Créé par les institutions européennes, ce programme permet aux étudiants d’effectuer pendant une année une partie de leurs études dans un autre établissement scolaire européen. Plus de 3 millions d’étudiants en ont déjà bénéficié. Le nom du programme vient du néerlandais Didier Érasme, né vers 1469 à Rotterdam et mort à Bâle en 1536, théologien reconnu pour son érudition humaniste, marquée par ses voyages à travers l’Europe, qu’il rêvait pacifiée et rayonnante de culture gréco-latine. ERASMUS est un acronyme pour « EuRopean Action Scheme for the Mobility of University Students » (« Programme d'action européen pour la mobilité des étudiants »).

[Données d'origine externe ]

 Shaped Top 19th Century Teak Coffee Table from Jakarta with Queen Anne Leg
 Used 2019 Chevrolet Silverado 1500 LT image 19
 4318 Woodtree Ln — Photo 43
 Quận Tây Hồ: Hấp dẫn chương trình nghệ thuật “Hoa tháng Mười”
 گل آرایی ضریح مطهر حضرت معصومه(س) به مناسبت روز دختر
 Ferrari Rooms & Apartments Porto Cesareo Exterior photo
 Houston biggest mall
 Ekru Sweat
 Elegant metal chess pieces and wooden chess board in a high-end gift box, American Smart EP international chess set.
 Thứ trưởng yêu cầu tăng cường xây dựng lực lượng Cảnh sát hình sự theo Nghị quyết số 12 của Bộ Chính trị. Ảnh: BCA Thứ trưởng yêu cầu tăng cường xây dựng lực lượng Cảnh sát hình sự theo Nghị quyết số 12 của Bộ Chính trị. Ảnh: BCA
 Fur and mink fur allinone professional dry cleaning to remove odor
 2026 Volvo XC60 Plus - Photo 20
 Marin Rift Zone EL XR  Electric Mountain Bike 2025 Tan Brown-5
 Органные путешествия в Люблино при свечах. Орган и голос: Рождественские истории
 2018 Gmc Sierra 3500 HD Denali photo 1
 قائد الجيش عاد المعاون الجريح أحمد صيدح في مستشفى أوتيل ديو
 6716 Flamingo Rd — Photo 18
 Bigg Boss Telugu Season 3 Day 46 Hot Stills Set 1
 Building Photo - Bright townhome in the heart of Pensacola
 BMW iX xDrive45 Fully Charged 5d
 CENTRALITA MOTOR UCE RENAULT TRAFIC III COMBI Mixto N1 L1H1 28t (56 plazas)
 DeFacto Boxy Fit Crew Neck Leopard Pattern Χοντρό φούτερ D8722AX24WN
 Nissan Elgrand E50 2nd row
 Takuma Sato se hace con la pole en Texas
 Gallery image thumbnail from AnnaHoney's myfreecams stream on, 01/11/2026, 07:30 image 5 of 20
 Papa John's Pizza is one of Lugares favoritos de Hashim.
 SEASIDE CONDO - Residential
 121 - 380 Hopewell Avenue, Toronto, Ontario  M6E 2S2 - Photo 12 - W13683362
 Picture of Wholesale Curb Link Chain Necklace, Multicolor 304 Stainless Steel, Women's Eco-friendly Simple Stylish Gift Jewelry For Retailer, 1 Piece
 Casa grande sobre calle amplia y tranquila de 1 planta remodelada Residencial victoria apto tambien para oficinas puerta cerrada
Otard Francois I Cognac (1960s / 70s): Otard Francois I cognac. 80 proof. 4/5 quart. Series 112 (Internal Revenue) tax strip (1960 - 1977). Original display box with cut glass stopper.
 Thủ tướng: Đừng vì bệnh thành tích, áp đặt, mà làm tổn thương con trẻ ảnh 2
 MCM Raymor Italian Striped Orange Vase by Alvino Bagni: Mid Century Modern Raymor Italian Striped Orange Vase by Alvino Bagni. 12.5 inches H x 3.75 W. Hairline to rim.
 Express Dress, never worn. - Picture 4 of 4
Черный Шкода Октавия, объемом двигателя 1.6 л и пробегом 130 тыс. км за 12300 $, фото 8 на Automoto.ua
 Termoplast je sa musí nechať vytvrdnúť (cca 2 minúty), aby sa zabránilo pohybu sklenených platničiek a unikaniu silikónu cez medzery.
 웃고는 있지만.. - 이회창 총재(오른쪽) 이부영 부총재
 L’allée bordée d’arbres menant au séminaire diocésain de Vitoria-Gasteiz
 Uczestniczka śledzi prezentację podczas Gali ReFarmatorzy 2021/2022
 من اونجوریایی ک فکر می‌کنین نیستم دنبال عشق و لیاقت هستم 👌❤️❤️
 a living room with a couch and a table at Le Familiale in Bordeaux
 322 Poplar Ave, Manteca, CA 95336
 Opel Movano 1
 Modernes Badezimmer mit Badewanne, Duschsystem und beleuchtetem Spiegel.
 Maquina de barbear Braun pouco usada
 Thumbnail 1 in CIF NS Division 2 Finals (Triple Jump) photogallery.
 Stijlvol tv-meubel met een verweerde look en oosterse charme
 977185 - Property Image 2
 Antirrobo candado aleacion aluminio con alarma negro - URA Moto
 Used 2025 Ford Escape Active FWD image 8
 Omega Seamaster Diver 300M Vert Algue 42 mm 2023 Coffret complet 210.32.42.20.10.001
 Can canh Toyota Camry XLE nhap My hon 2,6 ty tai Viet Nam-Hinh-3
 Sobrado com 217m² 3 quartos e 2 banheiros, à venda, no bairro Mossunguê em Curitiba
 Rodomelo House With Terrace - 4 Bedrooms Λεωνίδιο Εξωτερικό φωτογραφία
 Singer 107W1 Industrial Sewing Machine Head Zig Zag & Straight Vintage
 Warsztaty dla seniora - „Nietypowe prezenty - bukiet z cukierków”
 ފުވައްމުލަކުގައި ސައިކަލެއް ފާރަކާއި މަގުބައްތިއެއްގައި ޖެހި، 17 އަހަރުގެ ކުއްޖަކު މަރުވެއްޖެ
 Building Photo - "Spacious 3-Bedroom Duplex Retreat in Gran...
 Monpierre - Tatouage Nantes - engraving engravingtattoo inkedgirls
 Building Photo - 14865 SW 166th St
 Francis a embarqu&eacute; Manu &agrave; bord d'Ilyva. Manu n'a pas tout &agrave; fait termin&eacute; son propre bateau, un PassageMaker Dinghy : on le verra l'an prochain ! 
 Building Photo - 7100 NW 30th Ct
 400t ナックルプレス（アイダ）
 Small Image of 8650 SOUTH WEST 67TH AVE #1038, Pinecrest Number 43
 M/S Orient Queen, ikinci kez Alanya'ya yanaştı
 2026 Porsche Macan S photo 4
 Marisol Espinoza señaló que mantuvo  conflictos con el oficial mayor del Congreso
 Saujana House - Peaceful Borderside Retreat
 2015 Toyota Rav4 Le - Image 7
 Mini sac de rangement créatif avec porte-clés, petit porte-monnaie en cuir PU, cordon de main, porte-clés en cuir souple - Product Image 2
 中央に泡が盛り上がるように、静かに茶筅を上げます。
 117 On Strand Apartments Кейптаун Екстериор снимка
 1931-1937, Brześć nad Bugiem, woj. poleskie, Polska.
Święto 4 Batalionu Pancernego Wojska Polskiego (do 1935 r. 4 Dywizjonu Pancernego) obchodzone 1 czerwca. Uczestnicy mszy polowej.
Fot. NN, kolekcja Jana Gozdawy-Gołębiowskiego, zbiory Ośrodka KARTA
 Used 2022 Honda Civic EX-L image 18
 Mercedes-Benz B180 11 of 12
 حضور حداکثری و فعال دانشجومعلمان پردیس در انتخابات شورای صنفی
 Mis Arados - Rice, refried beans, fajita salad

On voit qu’en 1987 l’anglais était déjà privilégié pour dénommer un programme, tant mieux pour Érasme, car si le français ou une autre langue latine avait été choisie, il aurait fallu trouver un nom commençant par P…

Ce programme est ouvert aux jeunes des 28 états membres de l’UE, ainsi que l’Islande, le Liechtenstein et la Norvège. La Suisse, ayant eu la bonne idée de voter pour l’instauration de quotas limitant le nombre d’européens travaillant dans la Confédération, s’est vue exclue du programme en 2014. Alors que la Macédoine et la Turquie y ont droit depuis 2014, grâce à leur procédure d’adhésion à l’UE.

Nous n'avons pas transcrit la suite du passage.